O presidente da República, Marcelo Rebelo de Sousa, pediu desculpa, esta quinta-feira, às vítimas de abusos sexuais da Igreja que se possam ter sentido ofendidas com as declarações que proferiu.
EPA/YIANNIS KOURTOGLOU / POOL
"A minha intenção não foi ofender, mas se porventura entenderam, uma que seja das vítimas que está ofendida, eu peço desculpa por isso, porque não era esse o meu objetivo", disse o presidente da República em declarações aos jornalistas.
"O meu objetivo era precisamente o contrário, o temer que muitas vítimas, por medo, não tivessem falado e o número, que deveria ser ainda mais alto, tivesse ficado por onde ficou", sublinhou.
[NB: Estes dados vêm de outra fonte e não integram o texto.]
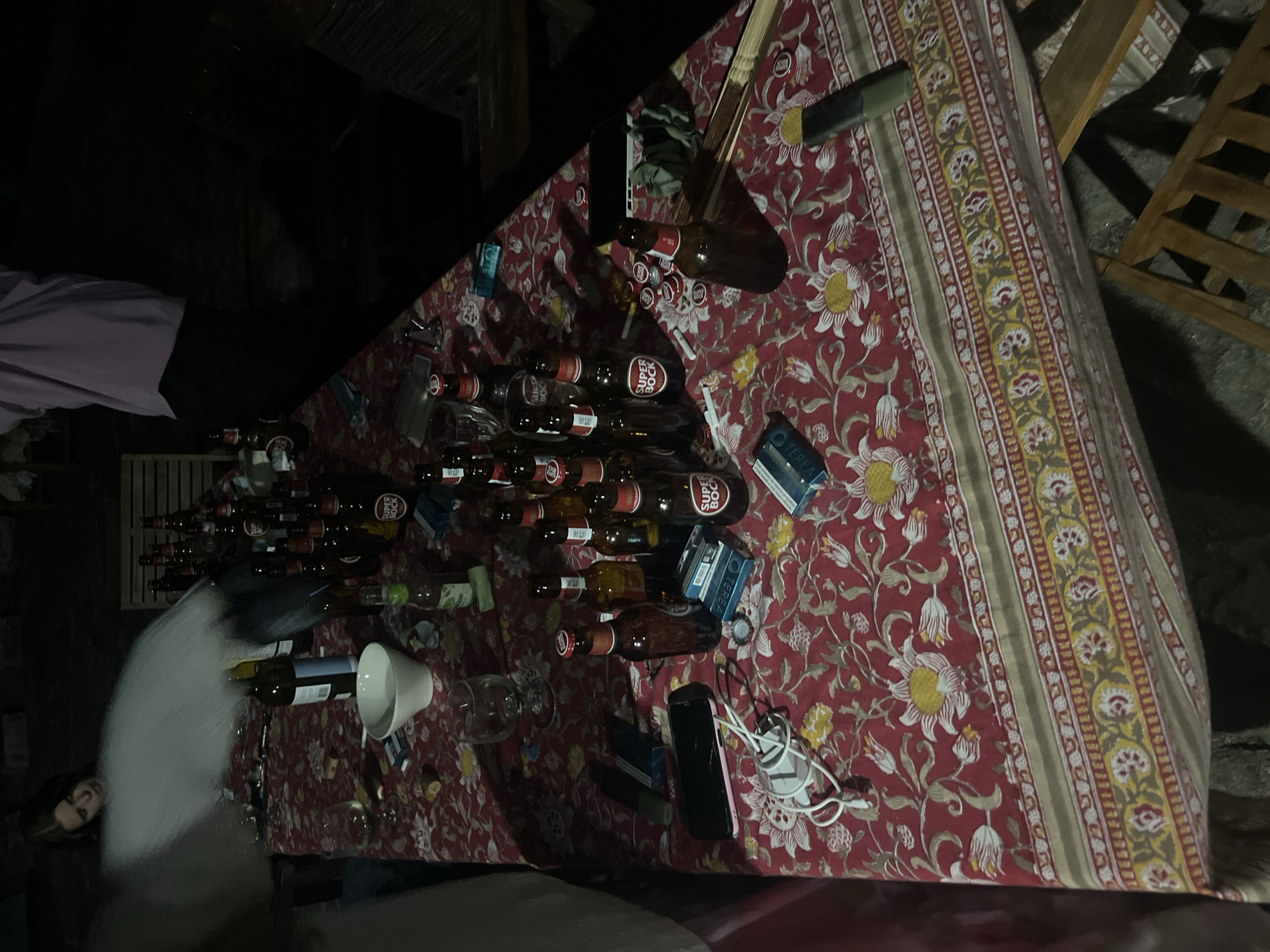 The image depicts an outdoor gathering at night, likely in the city of Felgueiras, Portugal. A long table is spread with a red floral tablecloth. Scattered across the table are numerous bottles of "Super Bock" beer, many of which appear to be empty or partially consumed. Several wine glasses and a white bowl are also visible. Other objects on the table include a mobile phone, a white charging cable and adapter, cigarette packs, and scattered bottle caps. In the background, partially obscured by a white, misty effect, a person with long brown hair is looking downwards. Another person, wearing a light purple top and dark pants, is partially visible on the right side of the frame, facing away from the camera. Wooden chairs are positioned around the table. The overall scene suggests a relaxed social gathering or party.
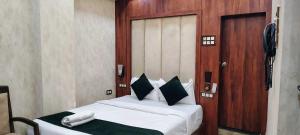 a bedroom with a bed with a phone on it at Hotel O HOTE V-SQUARE in Bijnaur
Na terça-feira, questionado sobre a recolha de 424 testemunhos de abusos sexuais contra crianças na Igreja Católica em Portugal, o Presidente da República disse não estar surpreendido, salientou que "não há limite de tempo para estas queixas" que têm estado a ser recolhidas, algumas relativas "há 60 ou há 70 ou há 80 anos".
"Significa que estamos perante um universo de pessoas que se relacionou com a Igreja Católica de milhões ou muitas centenas de milhares", prosseguiu Marcelo Rebelo de Sousa, concluindo: "Haver 400 casos não me parece que seja particularmente elevado, porque noutros países e com horizontes mais pequenos houve milhares de casos".
Face às críticas que as suas declarações suscitaram, o chefe de Estado divulgou uma nota a explicar que "este número não parece particularmente elevado face à provável triste realidade, quer em Portugal, quer pelo mundo", admitindo que "terá havido também números muito superiores em Portugal".
Depois, o Presidente da República falou para a RTP e para a SIC a reforçar a mesma mensagem, reiterando que 424 queixas lhe parece um número "curto" face ao que estima ser a realidade, declarando que aceitava democraticamente as críticas que recebeu, mas não as compreendia.
Os 424 testemunhos foram recolhidos pela designada Comissão Independente para o Estudo dos Abusos Sexuais contra as Crianças na Igreja Católica Portuguesa, uma estrutura constituída por decisão da Conferência Episcopal Portuguesa e coordenada pelo pedopsiquiatra Pedro Strecht.